In solis sis tibi turba locis: In solitude, be a multitude to thyself

In solis sis tibi turba locis.
In solitude, be a multitude to thyself.

–Tibullus

Montaigne quotes Tibullus, in his The Essays from the chapter, “Of Solitude”;
but first opens the chapter with an appeal and challenge to those in public office and of high station and ambitions, as to their real aspirations:

The Essays of Montaigne/Book I/Chapter XXXVIII

OF SOLITUDE

Let us pretermit that long comparison betwixt the active and the solitary life; and as for the fine sayings with which ambition and avarice palliate their vices, that we are not born for ourselves but for the public, let us boldly appeal to those who are in public affairs; let them lay their hands upon their hearts, and then say whether, on the contrary, they do not rather aspire to titles and offices and that tumult of the world to make their private advantage at the public expense. The corrupt ways by which in this our time they arrive at the height to which their ambitions aspire, manifestly enough declares that their ends cannot be very good. Let us tell ambition that it is she herself who gives us a taste of solitude; for what does she so much avoid as society? What does she so much seek as elbow-room? A man may do well or ill everywhere; but if what Bias says be true, that the greatest part is the worse part, or what the Preacher says: there is not one good of a thousand:—

“Good men forsooth are scarce: there are hardly as many as there are gates of Thebes or mouths of the rich Nile,”
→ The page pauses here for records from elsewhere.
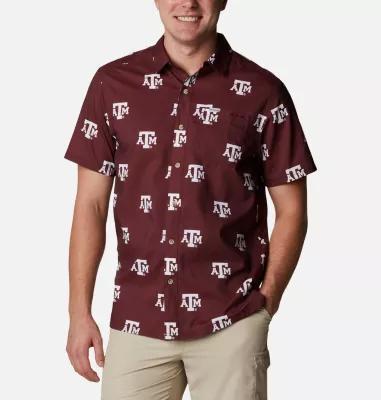 Mens Columbia Maroon Texas A&M Aggies Super Slack Tide Omni-Shade Button-Up Shirt Product Image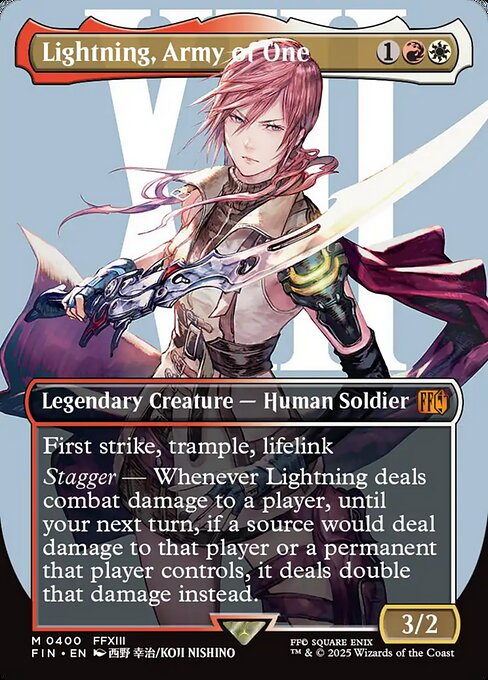 Lightning, Army of One (FIN #400) (Final Fantasy)
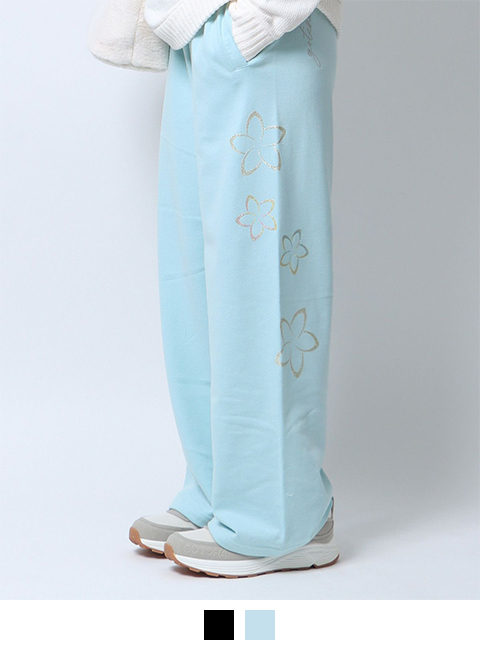 ウィメンズ プルメリア ワイドレッグ パンツ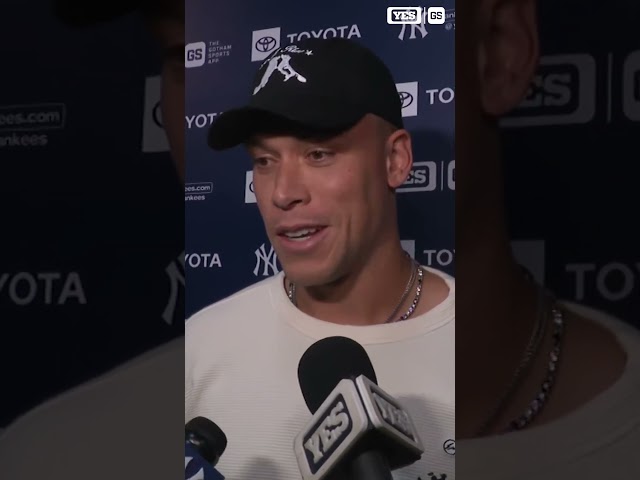 Aaron Judge speaks on his efforts to return for the postseason.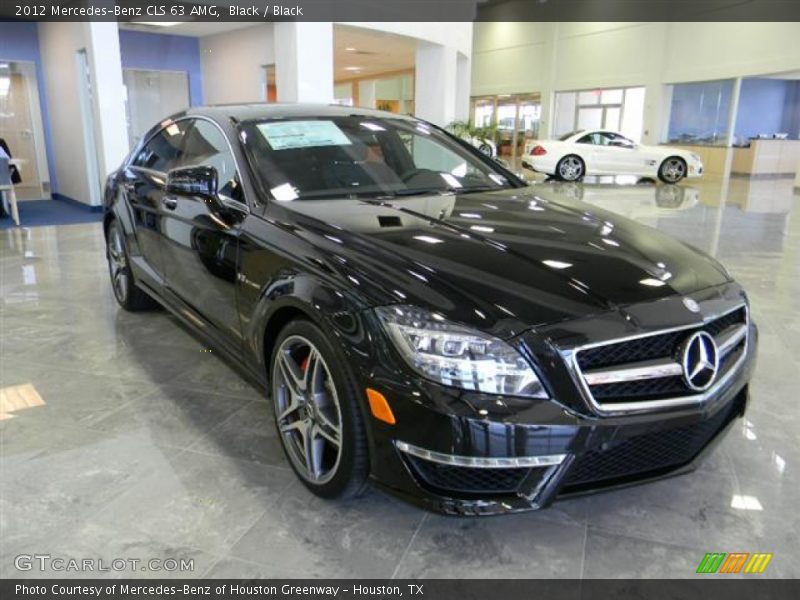 Black / Black 2012 Mercedes-Benz CLS 63 AMG
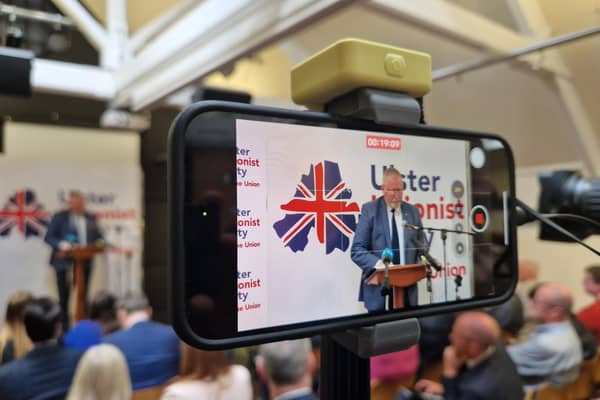 Doug Beattie at council election manifesto launch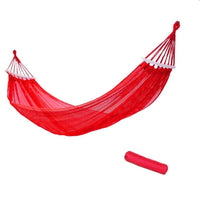 Amaca da giardino sospesa in legno e rete singola 185 x 135cm Art. 94921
Stilpo having escaped from the burning of his town, where he lost wife, children, and goods, Demetrius Poliorcetes seeing him, in so great a ruin of his country, appear with an undisturbed countenance, asked him if he had received no loss! To which he made answer, No; and that, thank God, nothing was lost of his. This also was the meaning of the philosopher Antisthenes, when he pleasantly said, that “men should furnish themselves with such things as would float, and might with the owner escape the storm;” and certainly a wise man never loses anything if he have himself. When the city of Nola was ruined by the barbarians, Paulinus, who was bishop of that place, having there lost all he had, himself a prisoner, prayed after this manner: “O Lord, defend me from being sensible of this loss; for Thou knowest they have yet touched nothing of that which is mine.” The riches that made him rich and the goods that made him good, were still kept entire. This it is to make choice of treasures that can secure themselves from plunder and violence, and to hide them in such a place into which no one can enter and that is not to be betrayed by any but ourselves. Wives, children, and goods must be had, and especially health, by him that can get it; but we are not so to set our hearts upon them that our happiness must have its dependence upon them; we must reserve a backshop, wholly our own and entirely free, wherein to settle our true liberty, our principal solitude and retreat. And in this we must for the most part entertain ourselves with ourselves, and so privately that no exotic knowledge or communication be admitted there; there to laugh and to talk, as if without wife, children, goods, train, or attendance, to the end that when it shall so fall out that we must lose any or all of these, it may be no new thing to be without them. We have a mind pliable in itself, that will be company; that has wherewithal to attack and to defend, to receive and to give: let us not then fear in this solitude to languish under an uncomfortable vacuity:—

“In solis sis tibi turba locis.”

[“In solitude, be a multitude to thyself.”–Tibullus, vi. 13. 12.]

While some doubts may be cast on Montaigne’s unique personal definition of Solitude, and we can’t all have our own country estate to retire to and lead a life of solitude maintained by a retinue of servants (ironically) “in train and attendance”; we certainly should have our own “backshops”, whatever and wherever they may be.